Bienvenue à une nouvelle enquêtrice !
Ghjulia Boccanera, dont le prénom qui se prononce Dioulia avec pour diminutif Diou, fait une entrée saisissante dans le monde des enquêteurs. Elle est célibataire, insomniaque, approche de la cinquantaine, porte des Docs, fait une addiction à la caféine, apprécie la lecture des polars mais n’aime pas qu’on vienne lui dire ce qu’il faut, ce qu’elle doit faire.
D’origine corse, elle est niçoise de cœur. D’ailleurs, la ville partage la vedette avec elle dans ce premier roman de Michèle Pedinielli.
Elisabeth Tordo, gérante d’une agence immobilière, a rendez-vous avec un client. Elle le découvre sur le canapé du salon. Il est nu et a été étranglé.
Dan, le colocataire de Dioulia, se réveille avec difficulté après une nuit de bringue. Il lui dit qu’il a donné son numéro à quelqu’un qui a besoin de son aide.
Dorian Lasalle se manifeste bien que ce soit dimanche. Jeune plombier dans l’entreprise de son père, il veut qu’elle découvre l’assassin de son ami, Mauro Giannini, retrouvé étranglé dans sa villa cambriolée. La police a vite conclu à un jeu érotique, qui a mal tourné, entre homosexuels. Il lui donne toutes ses économies pour qu’elle retrouve le meurtrier. Elle obtient des premières informations auprès de Jo, le commandant de police Joseph Santucci qui a partagé sa vie pendant de nombreuses années. L’autopsie a révélé des traces de GHB, la drogue du viol, dans le sang.
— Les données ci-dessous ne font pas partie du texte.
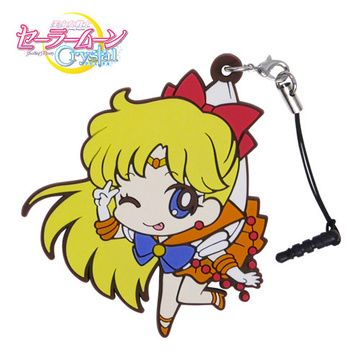 главная фотография Bishoujo Senshi Sailor Moon Crystal Tsumamare Rubber Strap Earphone Jack Accessory: Sailor Venus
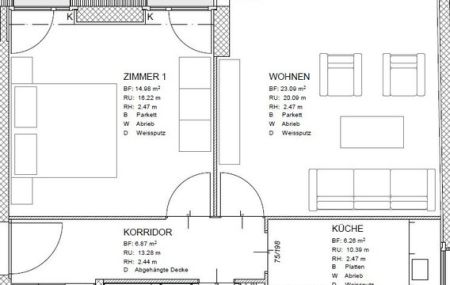 Moderne Stadtwohnung direkt am Bodensee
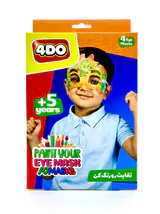 پک فوردو رنگ آمیزی نقاب صورت پی جی کد 4062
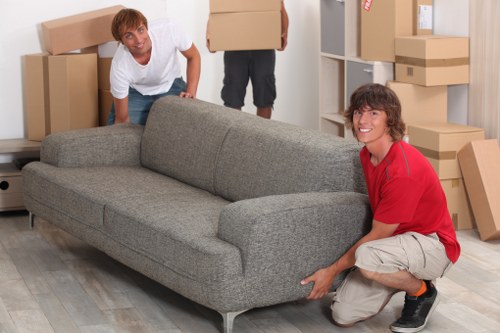 Organised office removal process for a Fitzrovia business move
Comme Diou connaît Elisabeth depuis l’enfance, elle obtient les clés de la villa de Mauro. Elle trouve une petite figurine en plastique qui dissimule une clé USB. Lorsqu’elle l’ouvre, elle découvre des relevés, des tableaux auxquels elle ne comprend rien.
Et Dorian est retrouvé étranglé, torturé. Diou, en rentrant chez elle, est attaquée par un individu qui veut la garrotter. Elle est sauvée par son voisin qui tue d’un coup de marteau l’assaillant. Puis, alors qu’elle marche avec Jo, celui-ci reçoit une balle dans le dos tirée depuis une moto. Ces événements dramatiques qui se succèdent lui font admettre que son enquête dérange vraiment. Mais qui ? Et pourquoi ?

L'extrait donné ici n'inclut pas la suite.